A movement pushing for greater autonomy in eastern Libya said it would not end the blockade of several oil-exporting ports, dashing hopes of a resolution to a three-month standoff with the Tripoli government.
The announcement was a blow to Prime Minister Ali Zeidan who had said he expected the blockage to end on Sunday after almost two weeks of negotiations with eastern tribal leaders to free up the vital trade.
Western powers worry Libya will slide into chaos as the Tripoli government struggles to rein in militias and tribesmen who helped topple Muammar Gaddafi in 2011 but kept their weapons and control parts of the OPEC-member country.
The port blockages, along with strikes by oil workers, civil servants, tribesmen and other protesters at oilfields across the desert country, have cut vital oil exports to 110,000 barrels per day from more than 1 million in July.
On Tuesday, the eastern autonomy group said it would release three ports - which had previously handled 600,000 barrels of oil exports a day - if Tripoli let it take a share of oil sales and investigated reports of corruption in the industry.

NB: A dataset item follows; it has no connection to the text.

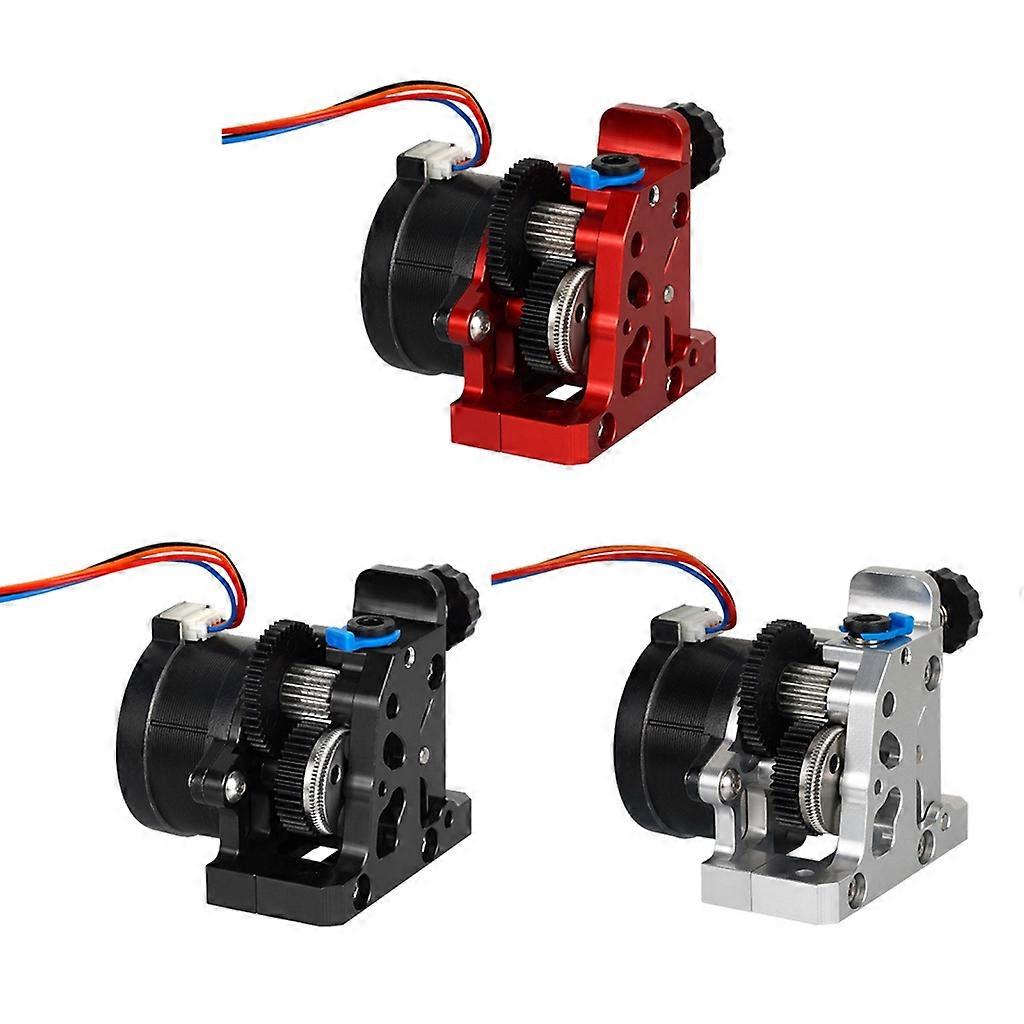 HGX Extruder Kit For 3D Printers - Hardened Steel Gear Upgrade For CR10, Ender 3, CR6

"We have failed to reach a deal on these conditions with this (Tripoli) government," autonomy leader Ibrahim Jathran told reporters at his group's home base in Ajdabiya, west of Benghazi.
"I therefore confirm that we will not reopen the ports for this corrupt government," he said in brief statement.

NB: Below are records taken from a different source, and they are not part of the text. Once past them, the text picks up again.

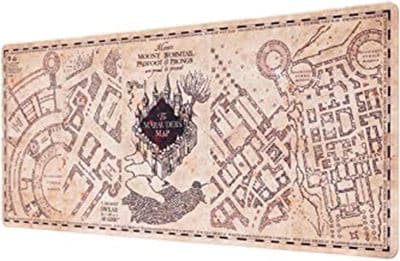 Tapis de souris Harry Potter La carte de Mauraudeur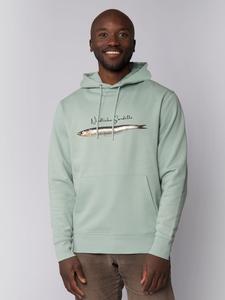 Толстовка wat? Apparel Sweatshirt Niedliche Sardelle, цвет Aloe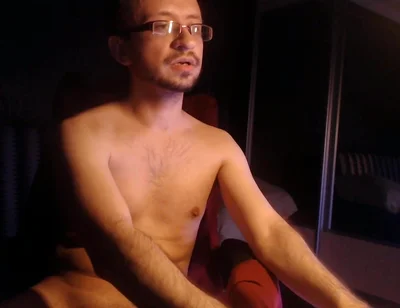 I Jerking off on Webcam Show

He said Zeidan's government had let down Libyans after the revolt that ended four decades of Gaddafi rule.
"We want a decent life, rights, security, an army, police and security forces which protect citizens," said Jathran, who was a rebel commander during the NATO-backed uprising.

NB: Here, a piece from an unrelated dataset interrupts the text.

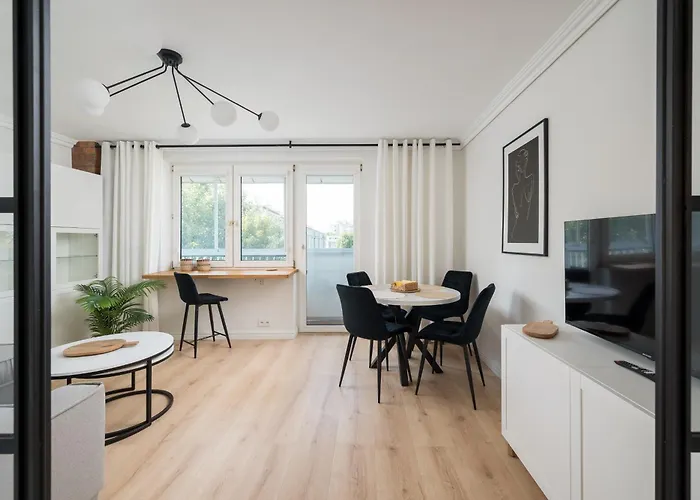 Aleja Waszyngtona Deluxe Apartment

Jathran used to head a force protecting oil installations until he defected with his heavily armed men in the summer and seized the Ras Lanuf, Es-Sider and Zueitina ports to boost his campaign for more regional autonomy and a greater share of oil sales.
The oil blockages have dried up the main source for the dollars needed to import wheat and other basic foodstuffs. The government has warned it will not be able to pay public sector workers if oil strikes continue.
Oil officials said on Sunday Libya was increasing fuel imports to ease shortages at petrol stations.
There was no immediate comment from Tripoli on Jathran's statement. Deputy Oil Minister Omar Shakmak declined to comment when asked by reporters at a news conference on fuel imports.
Officials have refused to recognise the self-declared eastern government and warned that Tripoli would attack any tanker trying to load oil at seized ports.